As a scientist, a question often asked by my colleagues and friends is: does my day-to-day research contribute to transforming society, and if so, how? This question can be challenging to answer, as researchers tend to be caught up in interpreting their scientific results and doing science for the sake of satisfying their curiosity. Too little effort is put into communicating and discussing the implications of their results with the broader non-scientific community.

My expertise is in analyzing the changes that soils and ecosystems undergo when certain management practices are implemented. Soil carbon is the basis for soil fertility and hence a key factor influencing agricultural production. I do a lot of scenario analysis – asking what if farmers could adopt practices that increase inputs to the soils, for example, through manure addition, crop residue retention and fertilizer application? Yet, whether or not the best practices ever see broader adoption depends on a lot of other things. Policy interventions play a significant role in achieving sustainable soil management in most countries. However, in the East Africa region, direct channels of communication between soil scientists and policy makers are limited and in some cases nonexistent. Due to this, soil carbon research results are hardly used in the development of key environmental and agricultural policies, which influence the viability of sustainable soil management practices. More efforts are needed to narrow this gap by identifying the areas to be improved or changed for our research to be considered in the policy- and decision-making processes.

 

Participants to the East Africa Soil carbon workshop – Science to Inform Policy, Nairobi, 17-18 April 2018.

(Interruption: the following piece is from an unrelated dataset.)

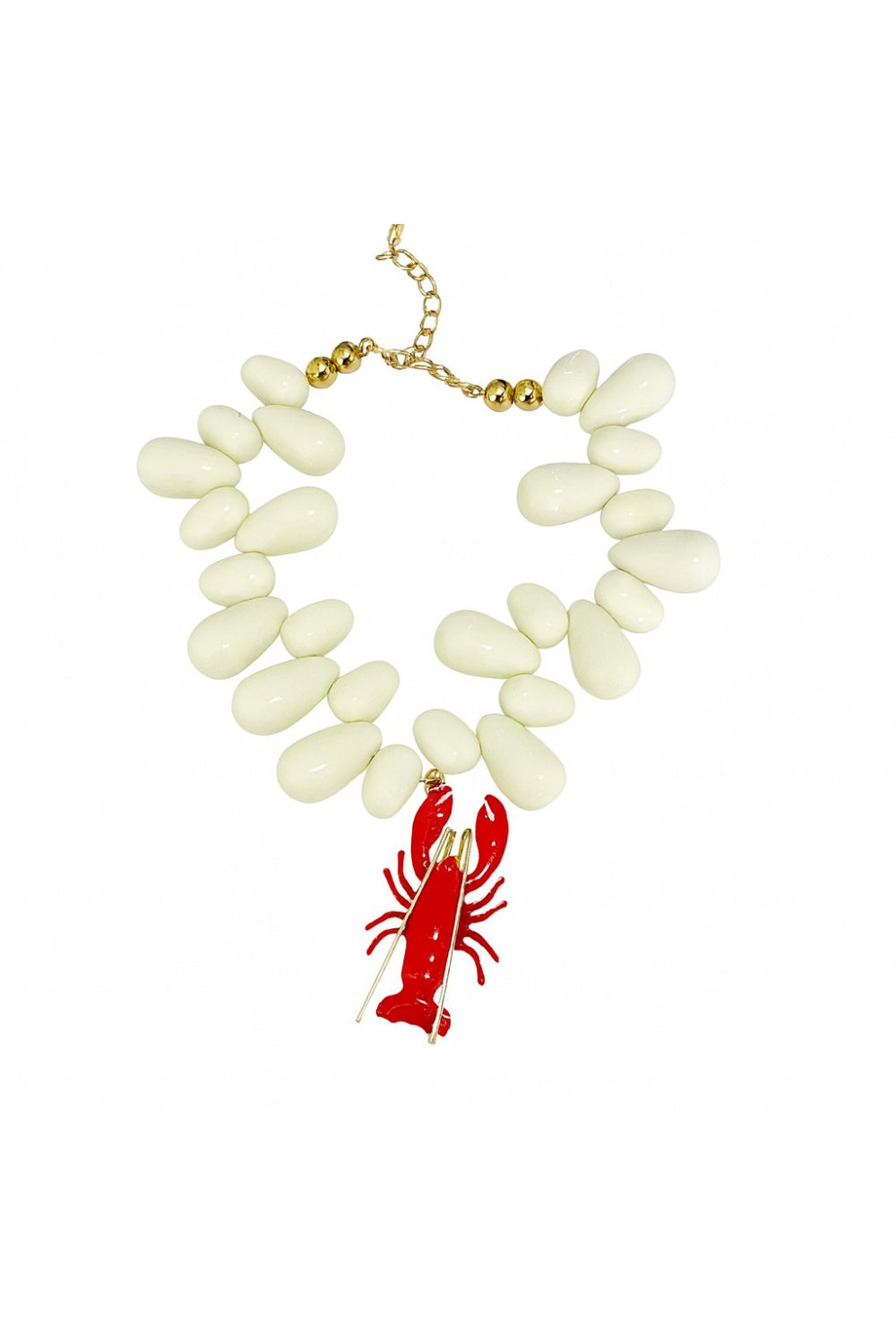 GONE LOBSTERING NECKLACE CREAM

The “East Africa Soil carbon workshop – Science to Inform Policy” held in Nairobi for the first time provided an opportunity for soil carbon experts in the region to brainstorm on how to address this critical issue. Emphasis was laid on highlighting key action points to be addressed by the various research organizations and institutions in the region, universities and the ongoing global soil carbon initiatives and projects. These points are summarized as follows.

  1. Research institutions and universities should support more long-term trial experiments in the region to address the limited evidence of the impact of agricultural land use on soil carbon.
  2. The methods for quantifying soil carbon in the different countries should be standardized.
  3. Scientists and policy makers need to collaborate more closely to make research, tools, and maps more demand driven and to illustrate how scientific results can be used for informing policy- and decision-making processes.
  4. Soil carbon initiatives and projects, such as CASA, CIRCASA, and 4 per 1000, should motivate and support increased participation of target countries and organizations.
  5. East African countries should support open access by endorsing data sharing among the national research centers. International donors should demand open data access in projects that they fund.
  6. East African research organizations – including CGIAR centers – and institutions of higher learning need to organize more frequent networking events and specific workshops offering adequate knowledge exchange and training on latest methods, tools, and models.

Details of the workshop presentations and discussions have now been published in a report which is available under https://wle.cgiar.org/east-africa-soil-carbon-workshop-science-inform-policy.

In conclusion, scientists in the East Africa region need to be more proactive in emphasizing the urgent need to address the above action points. This is a key prerequisite for our research to play a meaningful role in influencing the adoption of effective soil-carbon-related policies.